» Records

________________________

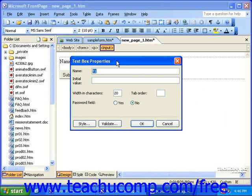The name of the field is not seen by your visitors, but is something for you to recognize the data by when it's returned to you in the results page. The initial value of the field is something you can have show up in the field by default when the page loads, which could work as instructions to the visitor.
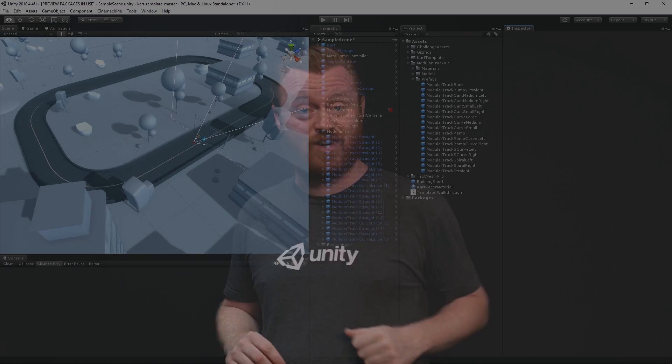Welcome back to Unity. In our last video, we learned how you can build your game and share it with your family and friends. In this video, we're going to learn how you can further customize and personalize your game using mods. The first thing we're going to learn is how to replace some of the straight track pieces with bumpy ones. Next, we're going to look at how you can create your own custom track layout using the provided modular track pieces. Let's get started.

________________________

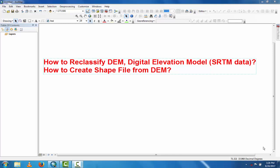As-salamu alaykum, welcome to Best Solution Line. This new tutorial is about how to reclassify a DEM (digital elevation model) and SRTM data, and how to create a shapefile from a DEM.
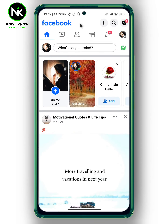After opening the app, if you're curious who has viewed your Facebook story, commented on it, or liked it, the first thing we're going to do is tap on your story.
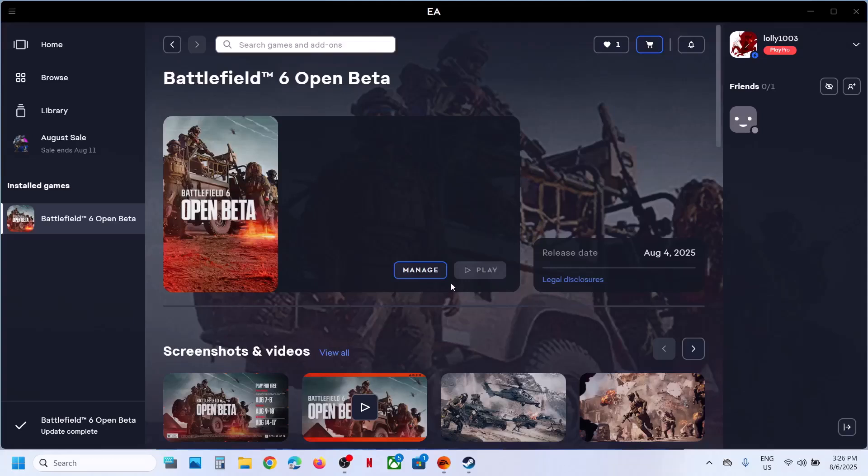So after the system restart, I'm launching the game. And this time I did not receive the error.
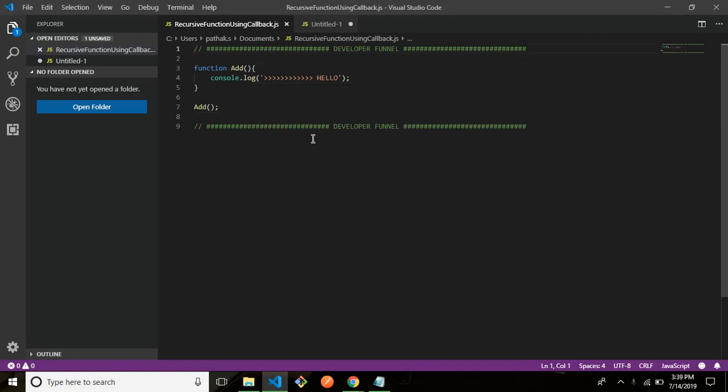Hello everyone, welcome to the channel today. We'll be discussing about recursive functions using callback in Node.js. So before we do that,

________________________

» About this task
In the listing above, find the line with "The name of" and the line with "Welcome back to". Output both, plus every line between them, and no pictures.

» Written solution
The name of the field is not seen by your visitors, but is something for you to recognize the data by when it's returned to you in the results page. The initial value of the field is something you can have show up in the field by default when the page loads, which could work as instructions to the visitor.
Welcome back to Unity. In our last video, we learned how you can build your game and share it with your family and friends. In this video, we're going to learn how you can further customize and personalize your game using mods. The first thing we're going to learn is how to replace some of the straight track pieces with bumpy ones. Next, we're going to look at how you can create your own custom track layout using the provided modular track pieces. Let's get started.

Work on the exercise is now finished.